## [RECORD SET]
════

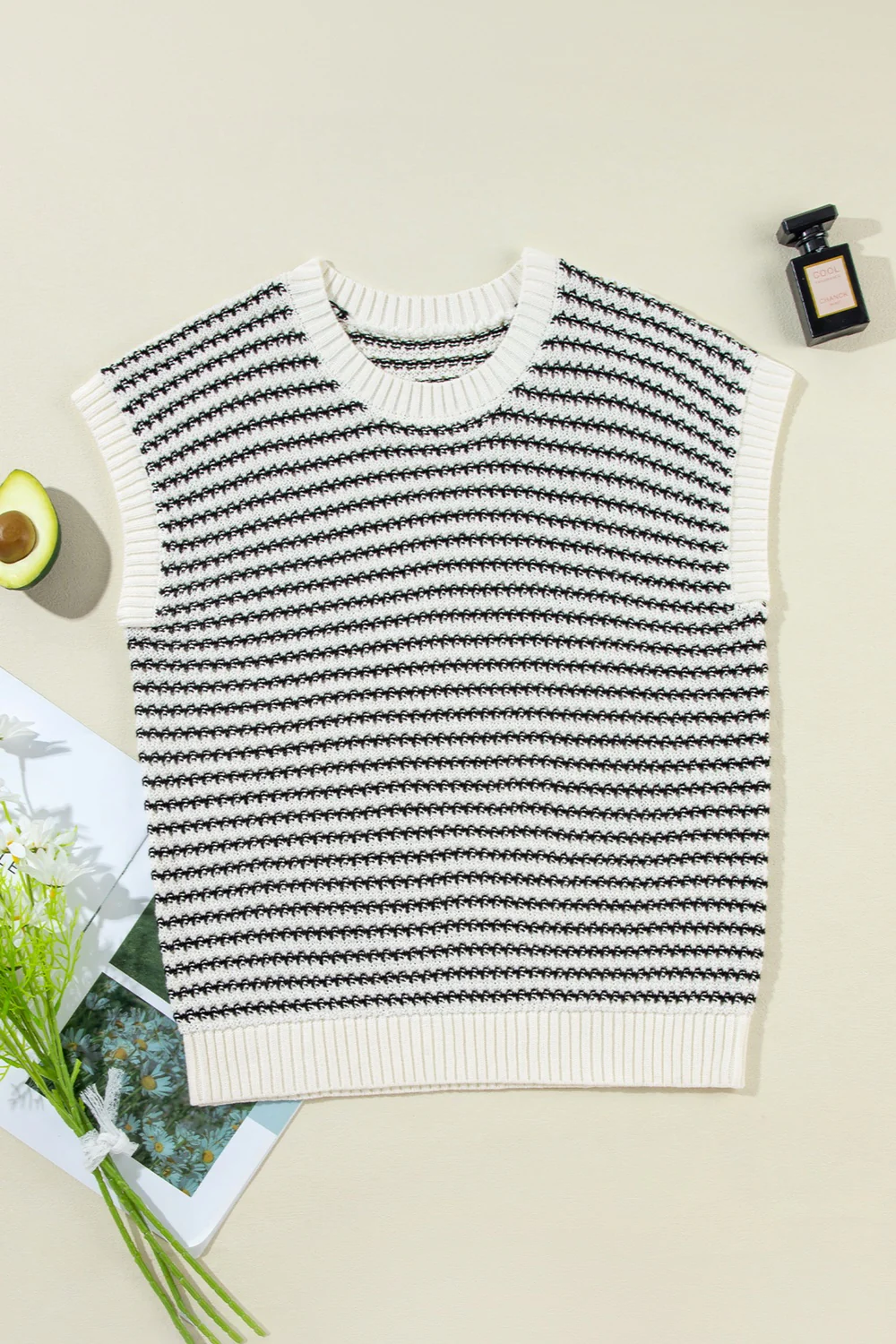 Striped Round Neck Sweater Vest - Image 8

════

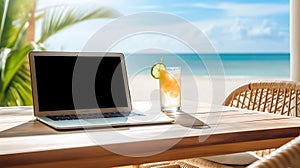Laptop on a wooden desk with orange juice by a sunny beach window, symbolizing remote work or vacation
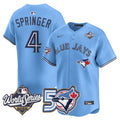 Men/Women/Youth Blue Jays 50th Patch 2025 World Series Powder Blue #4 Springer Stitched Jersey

════

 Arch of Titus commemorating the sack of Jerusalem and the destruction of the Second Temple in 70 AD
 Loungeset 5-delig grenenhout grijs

════

## [WHAT IS BEING ASKED]
From the entries above, copy exactly the lines starting at the one with "Laptop on a" and stopping at the one with "Men/Women/Youth Blue Jays", keeping both ends. Drop the pictures.

## [ANSWER TO THIS EXERCISE]
Laptop on a wooden desk with orange juice by a sunny beach window, symbolizing remote work or vacation
 Men/Women/Youth Blue Jays 50th Patch 2025 World Series Powder Blue #4 Springer Stitched Jersey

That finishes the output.